If you’re anything like most beings, you are searching for a way to connect. Or reconnect, depending upon your personal path. Part of this process is ridding your being of the external stressors and alarmist reactions, that can easily cause an endless chain of passivity. A proactive approach to reshaping this cycle is needed. Yoga is such an approach, a beautiful gift that generously shares with us an ever-evolving preparedness. Instead of forcing our way, we walk in the world with a gentle awareness, an understanding of the unity of every thing and every being. When we are in tune with our bodies and mind, we are strong in the face of challenges that lie ahead.
Some of this strength comes through the asanas, or postures, that Hatha yogins have shared with us. In one particular pose (with many variations), we become grounded, restored, and reconnected, strengthening and stabilizing body and mind. Viparita Karani (Legs-up-the-Wall pose) is one of my personal favorites, enlivening my breath and relaxing my body. Even better, is when I am able to share it will my toddler. Take a peek at this wonderful article on YogaJournal describing the pose and how to enjoy it as a beginner.

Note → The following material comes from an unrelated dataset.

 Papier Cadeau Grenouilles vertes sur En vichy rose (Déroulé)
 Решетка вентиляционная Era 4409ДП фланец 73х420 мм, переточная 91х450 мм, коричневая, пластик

Tip: If you are practicing with your child, invite them to try it alongside of you. This is a great shared or partnering pose. Younger babies can be placed upon your chest, encouraging their passive participation (babies soak up all of the calm, positive energy). Older babies, toddlers, and young children can rest on your belly, face up and elevate their legs up onto yours. Helen Garabedian, author of Itsy Bitsy Yoga for Toddlers and Preschoolers (check it out on Amazon.com), speaks of how a play-based modification of this pose can enhance the quieting of a child’s mind. What could be better than sharing the peace? For added benefit (for you and/or your child), try and focus on the out breath, or exhale as you rest in Viparita Karani. Exhaling helps relieve your body of the stresses it endures on a daily basis.
Reflection: What thoughts or emotions come about when you practice this pose? Does it enhance your practice to focus on the out breath?